Meet Sandra, “the world’s most responsive and intelligent personal assistant and knowledge navigator”, a virtual assistant very much like Siri/Alexa (voiced by the brilliant Kristen Wiig). Sandra can help you identify allergies, tell you the temperature of any country you like and even make your appointments for you. But what makes Sandra unlike Siri/Alexa is the fact that she’s powered by hundreds of humans answering queries in a call centre-like situation, instead of being powered by actual artificial intelligence, all unbeknownst to her users, of course.

Enter Helen Pererra (Arrested Development’s Alia Shawkat), desperate to leave her small town and small town husband behind, and pins her hopes at a new beginning when she joins Orbital Teledynamics, a shadowy corporation that runs Sandra. After an unusual interview with her oddball boss Dustin (Ethan Hawke), Helen is quickly assigned to the birds department, where she’ll answer any queries about birds — only that she’ll be speaking as Sandra, her human voice distorted into a robotic one as it reaches the unassuming user.

Sandra takes liberal thematic and plot cues from the likes of Spike Jonze’s Her, James Ponsoldt’s The Circle (based on Dave Eggers’ novel of the same name), and even Charlie Brooker’s widely popular series Black Mirror, and it works best when it explores its premise with a light hand, especially when it comes to the protagonist.

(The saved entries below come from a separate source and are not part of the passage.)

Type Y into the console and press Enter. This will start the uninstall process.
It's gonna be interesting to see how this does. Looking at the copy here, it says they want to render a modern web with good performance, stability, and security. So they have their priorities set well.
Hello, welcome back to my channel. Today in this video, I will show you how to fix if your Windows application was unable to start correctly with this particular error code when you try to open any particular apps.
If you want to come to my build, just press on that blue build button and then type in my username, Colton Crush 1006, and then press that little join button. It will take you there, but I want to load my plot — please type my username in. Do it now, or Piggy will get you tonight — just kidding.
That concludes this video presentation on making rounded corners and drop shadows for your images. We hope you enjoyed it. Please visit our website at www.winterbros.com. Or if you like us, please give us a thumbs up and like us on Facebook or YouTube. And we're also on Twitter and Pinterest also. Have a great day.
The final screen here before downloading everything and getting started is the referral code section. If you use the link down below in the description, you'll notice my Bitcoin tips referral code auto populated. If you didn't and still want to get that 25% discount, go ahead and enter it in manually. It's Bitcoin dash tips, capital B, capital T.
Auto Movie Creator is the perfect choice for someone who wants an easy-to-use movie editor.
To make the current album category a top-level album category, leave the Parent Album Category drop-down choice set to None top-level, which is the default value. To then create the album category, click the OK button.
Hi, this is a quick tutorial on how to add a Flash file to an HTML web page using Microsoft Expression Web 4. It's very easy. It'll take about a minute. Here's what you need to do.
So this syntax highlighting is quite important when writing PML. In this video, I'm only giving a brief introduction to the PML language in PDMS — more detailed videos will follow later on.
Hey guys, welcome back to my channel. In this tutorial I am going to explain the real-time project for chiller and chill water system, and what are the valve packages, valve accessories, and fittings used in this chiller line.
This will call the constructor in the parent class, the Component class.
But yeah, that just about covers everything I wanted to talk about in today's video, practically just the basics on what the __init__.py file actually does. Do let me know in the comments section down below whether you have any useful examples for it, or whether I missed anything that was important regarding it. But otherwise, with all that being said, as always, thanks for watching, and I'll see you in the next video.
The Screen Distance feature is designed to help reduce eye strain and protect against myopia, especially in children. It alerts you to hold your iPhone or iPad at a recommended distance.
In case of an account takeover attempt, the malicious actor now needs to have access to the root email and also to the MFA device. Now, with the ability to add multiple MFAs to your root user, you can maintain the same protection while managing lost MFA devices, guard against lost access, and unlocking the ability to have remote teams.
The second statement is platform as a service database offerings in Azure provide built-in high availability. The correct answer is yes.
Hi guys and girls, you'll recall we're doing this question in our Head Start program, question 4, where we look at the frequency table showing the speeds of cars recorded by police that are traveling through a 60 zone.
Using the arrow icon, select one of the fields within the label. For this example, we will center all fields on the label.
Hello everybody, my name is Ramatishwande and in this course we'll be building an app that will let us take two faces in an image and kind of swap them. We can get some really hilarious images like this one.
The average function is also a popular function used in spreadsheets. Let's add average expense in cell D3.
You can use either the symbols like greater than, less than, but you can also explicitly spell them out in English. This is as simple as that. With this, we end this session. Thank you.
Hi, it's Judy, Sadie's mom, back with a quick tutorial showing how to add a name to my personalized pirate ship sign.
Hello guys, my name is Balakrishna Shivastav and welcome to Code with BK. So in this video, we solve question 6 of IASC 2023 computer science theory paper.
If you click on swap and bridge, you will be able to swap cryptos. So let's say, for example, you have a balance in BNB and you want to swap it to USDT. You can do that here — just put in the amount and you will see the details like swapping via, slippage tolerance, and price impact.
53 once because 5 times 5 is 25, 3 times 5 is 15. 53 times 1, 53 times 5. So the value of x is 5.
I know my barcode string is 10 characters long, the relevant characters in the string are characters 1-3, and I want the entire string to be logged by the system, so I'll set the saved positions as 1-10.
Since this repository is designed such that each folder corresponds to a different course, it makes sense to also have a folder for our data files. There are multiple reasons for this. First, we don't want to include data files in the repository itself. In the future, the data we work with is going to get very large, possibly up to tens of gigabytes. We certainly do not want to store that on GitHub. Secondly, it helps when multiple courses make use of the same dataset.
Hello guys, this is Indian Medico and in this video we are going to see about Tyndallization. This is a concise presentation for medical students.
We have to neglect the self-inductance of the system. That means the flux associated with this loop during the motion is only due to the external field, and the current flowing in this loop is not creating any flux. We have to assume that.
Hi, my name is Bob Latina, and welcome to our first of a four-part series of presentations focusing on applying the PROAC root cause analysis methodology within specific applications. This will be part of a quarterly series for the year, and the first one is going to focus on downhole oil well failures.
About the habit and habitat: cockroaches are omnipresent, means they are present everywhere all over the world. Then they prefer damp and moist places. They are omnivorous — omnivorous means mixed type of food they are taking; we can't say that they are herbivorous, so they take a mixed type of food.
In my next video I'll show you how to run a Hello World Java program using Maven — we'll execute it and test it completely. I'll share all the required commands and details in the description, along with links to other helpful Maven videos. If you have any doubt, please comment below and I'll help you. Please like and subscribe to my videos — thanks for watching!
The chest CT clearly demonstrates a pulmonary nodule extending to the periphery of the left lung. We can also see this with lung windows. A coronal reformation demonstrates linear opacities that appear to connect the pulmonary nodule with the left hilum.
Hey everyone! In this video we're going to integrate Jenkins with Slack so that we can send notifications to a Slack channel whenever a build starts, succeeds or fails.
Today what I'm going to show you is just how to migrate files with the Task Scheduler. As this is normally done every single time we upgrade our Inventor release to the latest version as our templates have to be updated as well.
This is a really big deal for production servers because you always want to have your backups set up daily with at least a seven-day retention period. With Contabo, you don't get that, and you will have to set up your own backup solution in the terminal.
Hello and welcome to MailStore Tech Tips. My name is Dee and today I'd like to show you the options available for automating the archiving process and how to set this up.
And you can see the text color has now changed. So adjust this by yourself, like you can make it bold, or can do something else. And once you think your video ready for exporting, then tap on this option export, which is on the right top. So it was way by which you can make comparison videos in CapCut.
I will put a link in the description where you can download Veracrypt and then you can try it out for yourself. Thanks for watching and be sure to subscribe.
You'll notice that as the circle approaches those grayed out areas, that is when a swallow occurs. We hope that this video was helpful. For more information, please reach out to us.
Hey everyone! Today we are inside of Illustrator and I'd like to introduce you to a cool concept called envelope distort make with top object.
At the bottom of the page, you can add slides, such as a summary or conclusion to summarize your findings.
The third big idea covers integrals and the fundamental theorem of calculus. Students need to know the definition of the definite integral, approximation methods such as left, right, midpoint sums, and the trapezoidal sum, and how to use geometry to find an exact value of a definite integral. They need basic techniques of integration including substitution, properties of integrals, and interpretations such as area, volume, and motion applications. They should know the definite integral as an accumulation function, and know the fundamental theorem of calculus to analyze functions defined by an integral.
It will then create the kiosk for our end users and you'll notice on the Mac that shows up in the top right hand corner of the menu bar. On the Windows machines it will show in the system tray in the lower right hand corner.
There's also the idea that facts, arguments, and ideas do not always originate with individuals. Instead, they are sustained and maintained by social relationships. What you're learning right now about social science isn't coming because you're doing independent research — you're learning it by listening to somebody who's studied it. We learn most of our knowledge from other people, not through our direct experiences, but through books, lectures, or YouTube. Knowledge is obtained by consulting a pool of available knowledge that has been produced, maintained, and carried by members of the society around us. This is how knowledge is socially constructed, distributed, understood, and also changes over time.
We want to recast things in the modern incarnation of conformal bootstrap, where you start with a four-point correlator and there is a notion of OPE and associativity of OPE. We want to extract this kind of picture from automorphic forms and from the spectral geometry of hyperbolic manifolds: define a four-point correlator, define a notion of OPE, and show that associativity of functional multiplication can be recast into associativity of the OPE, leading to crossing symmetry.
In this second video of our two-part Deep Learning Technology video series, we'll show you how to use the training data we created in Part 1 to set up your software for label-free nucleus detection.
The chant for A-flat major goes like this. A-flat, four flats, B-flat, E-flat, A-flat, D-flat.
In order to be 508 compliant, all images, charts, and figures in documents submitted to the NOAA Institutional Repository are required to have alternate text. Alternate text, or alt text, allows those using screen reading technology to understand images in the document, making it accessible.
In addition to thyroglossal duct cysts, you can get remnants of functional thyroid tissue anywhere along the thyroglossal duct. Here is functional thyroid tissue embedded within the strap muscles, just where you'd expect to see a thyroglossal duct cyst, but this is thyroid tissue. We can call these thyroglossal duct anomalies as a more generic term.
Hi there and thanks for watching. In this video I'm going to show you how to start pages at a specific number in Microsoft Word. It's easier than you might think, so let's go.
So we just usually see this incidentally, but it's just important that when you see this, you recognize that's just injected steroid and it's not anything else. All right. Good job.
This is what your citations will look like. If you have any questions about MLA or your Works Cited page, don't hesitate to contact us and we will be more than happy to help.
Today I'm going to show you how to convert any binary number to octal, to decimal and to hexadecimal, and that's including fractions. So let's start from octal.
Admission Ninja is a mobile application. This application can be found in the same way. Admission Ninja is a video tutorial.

Although the central conceit of the series is Sandra and the technology (or lack thereof) that powers her, the story focuses primarily on Helen. Her transformation from naive and eager to please newcomer to a confident and zealous employee, who also has to juggle her imminent divorce and eccentric and demanding boss, makes for a riveting listen, thanks mostly to Shawkat’s flawless performance. The show also ponders on the state of surveillance and data security, which becomes especially urgent in the wake of Cambridge Analytica, as well as the slippery slope of increased human dependance on technology, especially the internet.

But in a bizarre turn of events, writers Kevin Moffett and Matthew Derby abandon a perfectly viable story trajectory at about episode six, to turn Sandra into something that resembles a B-grade thriller, complete with a smarmy villain and a revenge plot. It’s a jarring transformation, one that asks for an impossible leap of imagination, and by the end of which the only reliable character on the show is Helen’s deadbeat, jail-fleeing husband.

But for those who are looking to enjoy a new fiction podcast, Sandra makes for a novel and quick listen, not least because of its stellar cast. The cliffhanger ending also suggests season two will be coming our way soon enough. Also, in a trend that’s quickly becoming the norm, Sandra has been picked up by Paul Lee’s wiip to be developed for premium television.

Wiip (word.idea.imagination.production) creates and produces content for digital and global platforms. The company recently secured its first series order at Facebook Watch for Queen America, a dark comedy starring Catherine Zeta-Jones.

Gimlet Media, on the other hand, also has its high-profile fiction podcast series Homecoming being turned into a series, starring Julia Roberts and coming up at Amazon.